O pianista no centro comercial

Estou andando, distraído, por um centro comercial, acompanhado de uma amiga violinista. Úrsula, nascida na Hungria, é atualmente figura de destaque em duas filarmônicas internacionais. De repente, ela segura meu braço:

-Ouça!

Ouço. Escuto vozes de adultos, gritos de criança, ruídos de televisões ligadas em lojas de eletrodomésticos, saltos de sapato batendo contra o chão de ladrilhos, e aquela famosa música, onipresente em todos os centros comerciais do mundo.

- Então, não é maravilhoso?

Respondo que não escutei nada de maravilhoso ou fora do normal.

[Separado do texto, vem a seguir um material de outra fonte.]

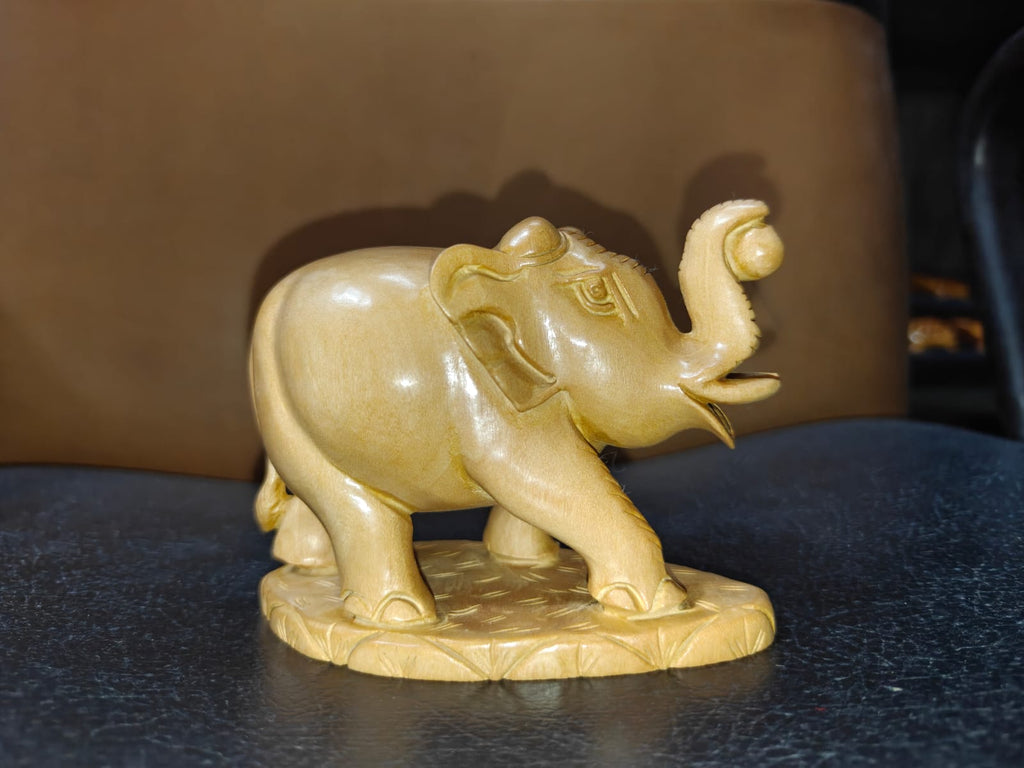 WOODEN TRUNK UP ELEPHANT WITH BALL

- O piano! – diz, me olhando com um ar de decepção. – O pianista é maravilhoso!

- Deve ser uma gravação.

- Não diga bobagem.

Ouvindo com mais atenção, é óbvio que a música é ao vivo. Estava tocando uma sonata de Chopin no momento, e agora que consegui me concentrar, as notas parecem esconder todo o barulho que nos cerca. Andamos pelos corredores cheios de gente, de lojas, de ofertas, de coisas que, segundo anunciam, todo mundo tem – menos eu ou você. Chegamos na praça de alimentação: pessoas comendo, conversando, discutindo, lendo jornais, e uma destas atrações que todo centro comercial procura dar a seus clientes.

Neste caso, um piano e um pianista.

Toca mais duas sonatas de Chopin, e logo Shubert, Mozart. Deve ter em torno de 30 anos; uma placa colocada ao lado do pequeno palco explica que é um famoso músico da Geórgia, uma das ex-repúblicas soviéticas. Deve ter procurado trabalho, as portas estavam fechadas, desesperou-se, resignou-se, e agora está ali.

Mas não tenho certeza se está mesmo ali: seus olhos fitam o mundo mágico onde estas músicas foram compostas, suas mãos dividem com todos o amor, a alma, o entusiasmo, o melhor de si mesmo, os seus anos de estudo, de concentração, de disciplina.

A única coisa que parece não ter entendido: ninguém, absolutamente ninguém, foi ali para ouvi-lo, mas para comprar, comer, distrair-se, olhar vitrines, encontrar amigos. Um casal para ao nosso lado, conversando em voz alta, e logo segue adiante. O pianista não viu isso – ainda está conversando com os anjos de Mozart. Tampouco viu que existe uma platéia de duas pessoas, uma das quais, talentosa violinista, o escuta com lágrimas nos olhos.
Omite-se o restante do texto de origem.